Work item:
A word-for-word copy of the data, with no images, is the required answer.

Supplied information:

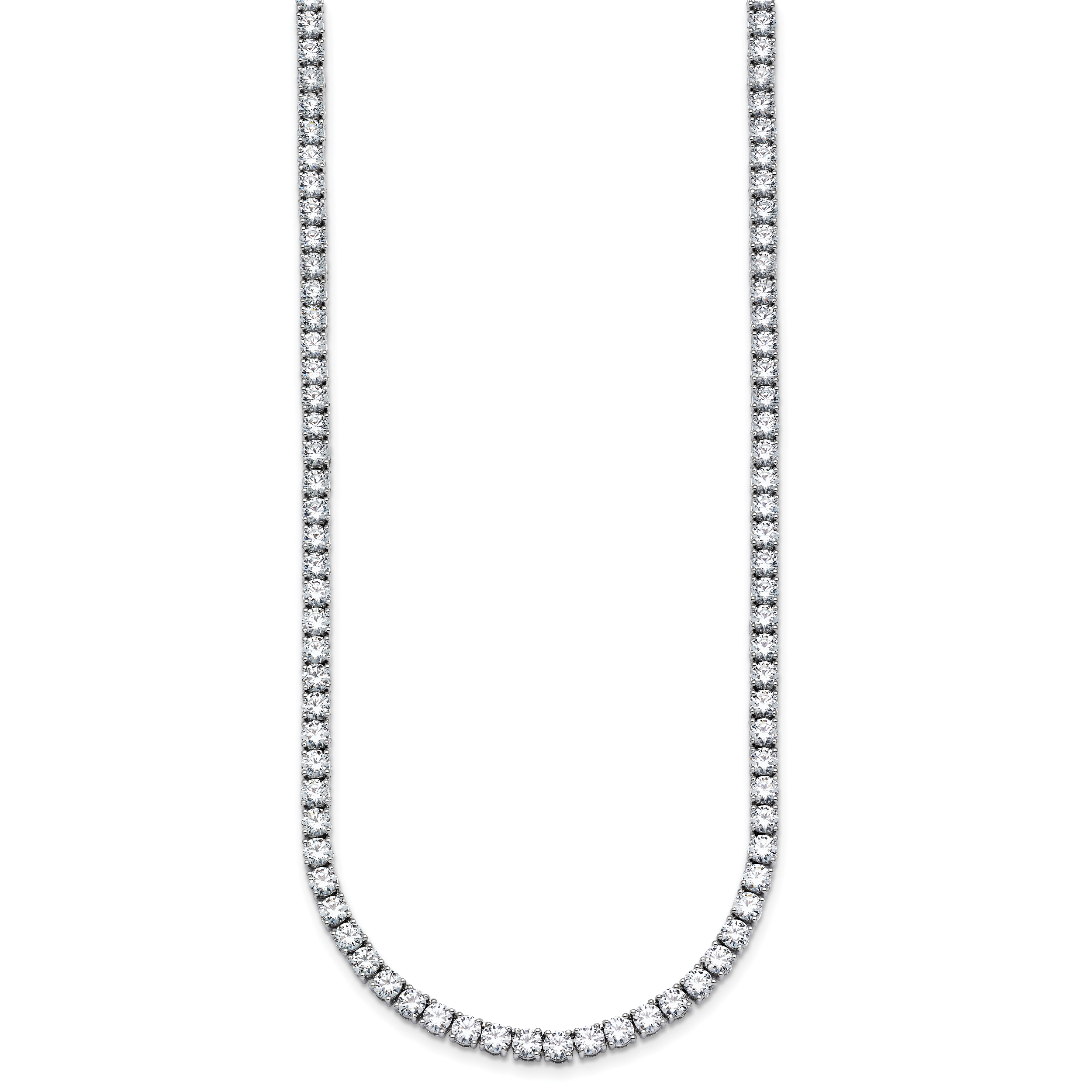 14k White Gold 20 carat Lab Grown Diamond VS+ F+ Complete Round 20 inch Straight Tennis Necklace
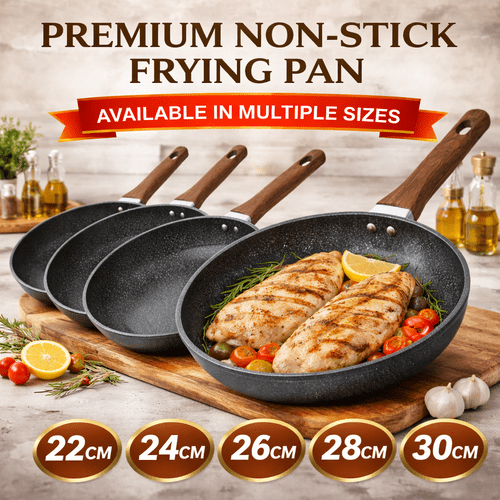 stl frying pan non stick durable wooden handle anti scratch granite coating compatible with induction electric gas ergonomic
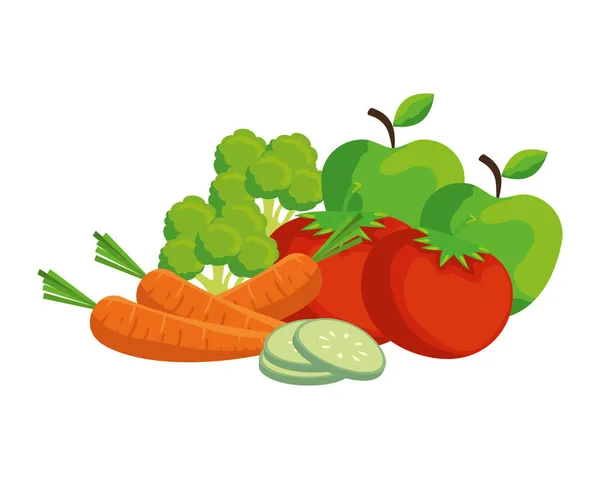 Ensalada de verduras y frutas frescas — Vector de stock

Task output:
 14k White Gold 20 carat Lab Grown Diamond VS+ F+ Complete Round 20 inch Straight Tennis Necklace
 stl frying pan non stick durable wooden handle anti scratch granite coating compatible with induction electric gas ergonomic
 Ensalada de verduras y frutas frescas — Vector de stock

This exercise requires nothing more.